Further studies showed that normal tissues tend to have lower PKR levels than their neoplastic counterparts [
18]. This was in parallel with our data as we found a significant increase in PKR in HCV-4 related HCC cases when compared with normal subjects. There was no correlation between PKR gene expression in liver tissue and age, ALT, AST, bilirubin and AFP. So, PKR was found to be an independent prognostic factor indicating the important biological significance of this gene in the HCC disease process. In a study on peripheral adenocarcinoma of the lung, PKR showed a prognostic impact in which patients with high PKR expression had significantly shorter survival periods than those with low PKR expression [
37]. This may be of great help if estimated in HCC patients. We also found that higher PKR gene expression was associated with higher scores of fibrosis and HAI in both HCV-4 and HCV-4 related HCC cases. No other thesis evaluated this relationship.
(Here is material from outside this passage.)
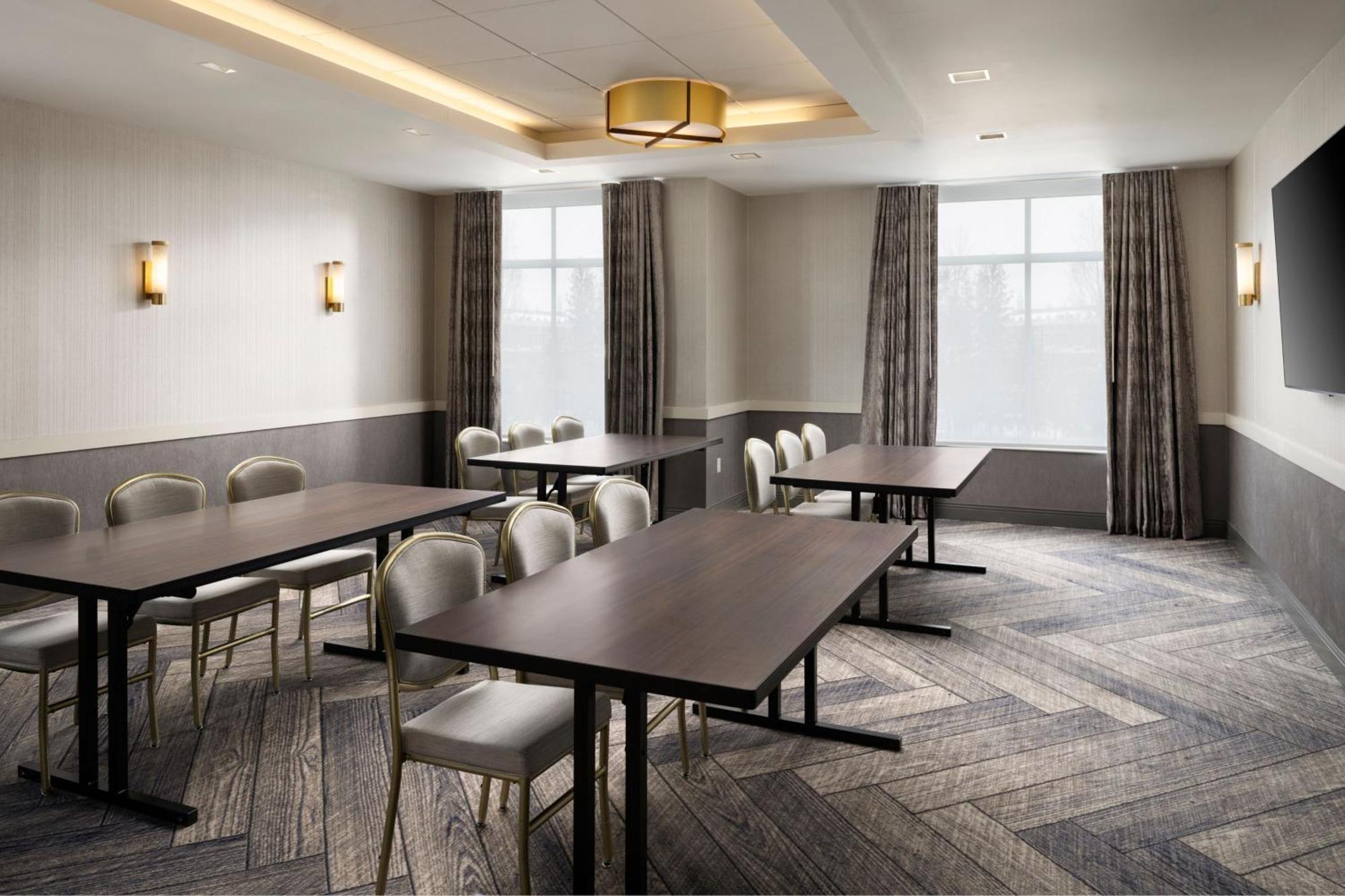 Inn At Bellefield Residence Inn By Marriott Hyde Park Luaran gambar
We detected a significant negative correlation between PKR gene expression and serum viral load in HCV-4 and HCV-4 related HCC cases, in which HCV copy number was significantly decreased by increasing PKR gene expression, these data are compatible with those obtained by others [
35]. It appears that HCV protein expression is directly dependent on PKR expression. PKR is antiviral towards HCV thus the over-expression of PKR significantly suppressed HCV levels. From these correlative data, we suggest that PKR is potentially functional in decreasing viral replication. Other authors demonstrated that the expressed endogenous PKR plays a role in controlling the initiation of HCV infection but does not affect HCV replication in infected cells in which persistent viral replication is fully established [
5]. Once activated by these low concentrations of dsRNA, PKR cannot be inhibited by subsequent addition of high concentrations of dsRNA [
16]. Our findings therefore suggest that the activation of PKR may reduce HCV protein expression and the elimination of infected cells, thus favouring viral persistence.